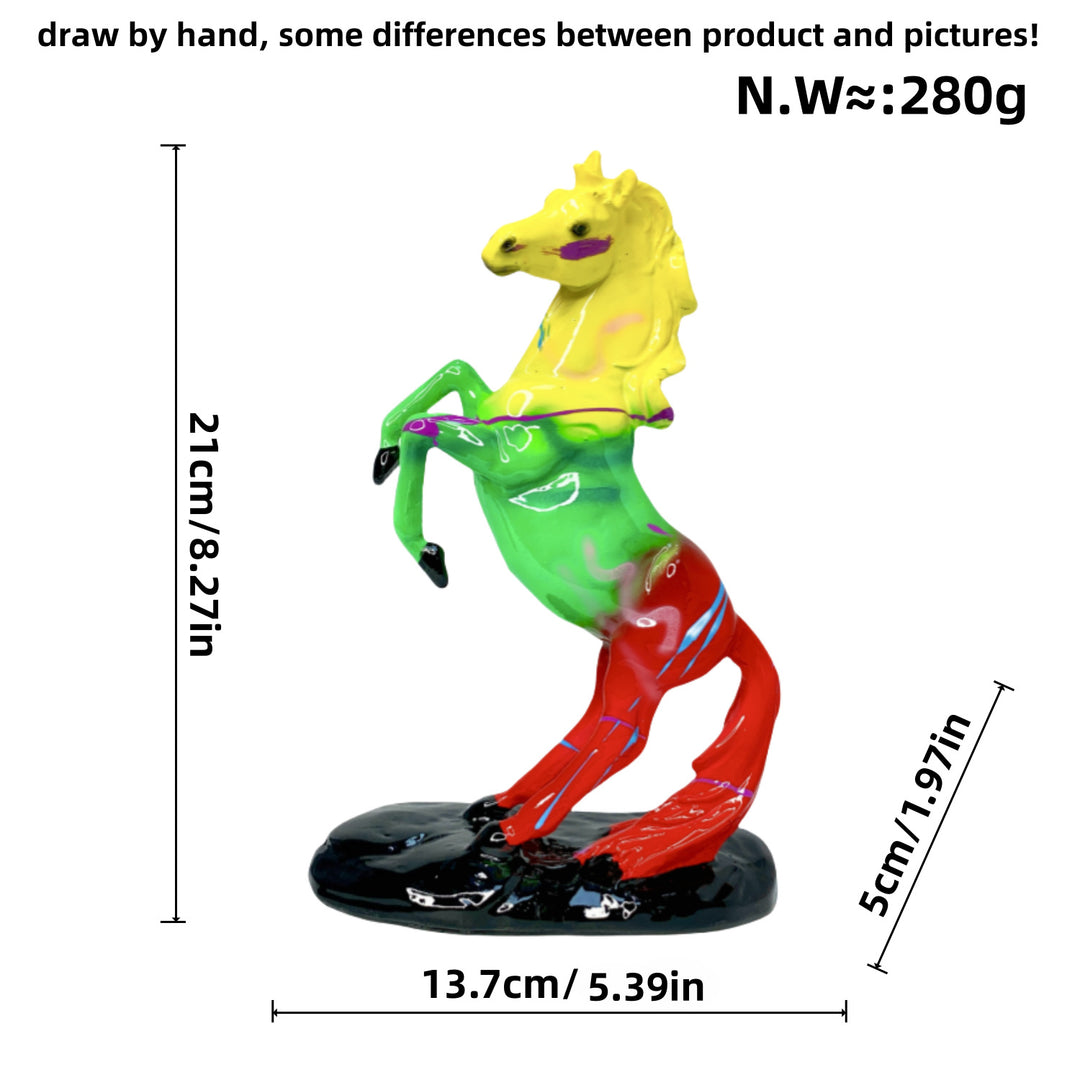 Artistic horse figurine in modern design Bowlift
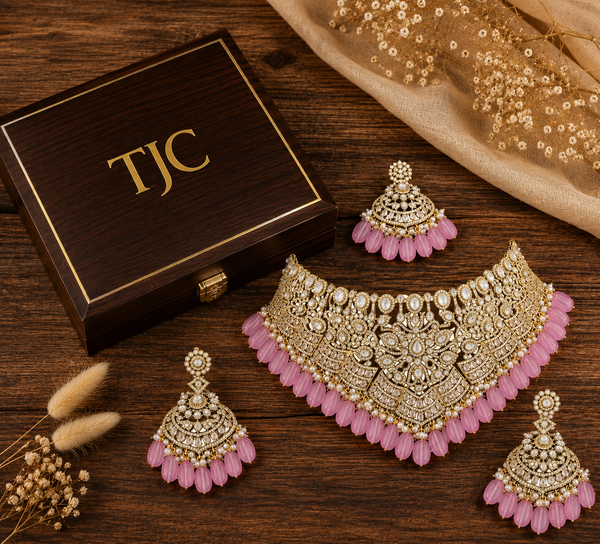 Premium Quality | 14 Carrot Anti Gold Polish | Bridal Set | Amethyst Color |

__________________________________________________

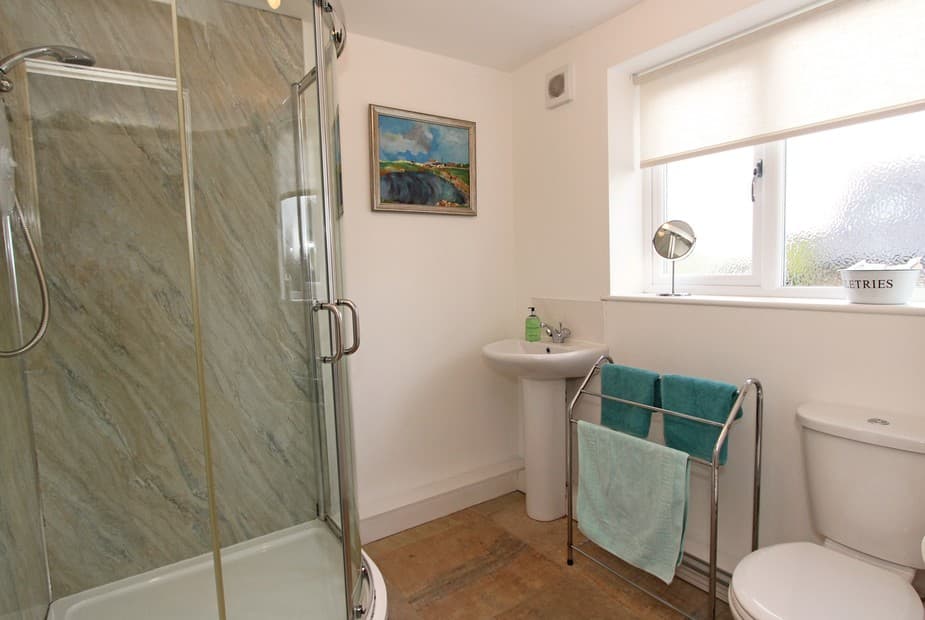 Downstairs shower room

__________________________________________________

Everything above from the line containing "Artistic horse figurine" through the line containing "Premium Quality |" must be repeated exactly, and the pictures must be left out.

◆ RESPONSE ◆
 Artistic horse figurine in modern design Bowlift
 Premium Quality | 14 Carrot Anti Gold Polish | Bridal Set | Amethyst Color |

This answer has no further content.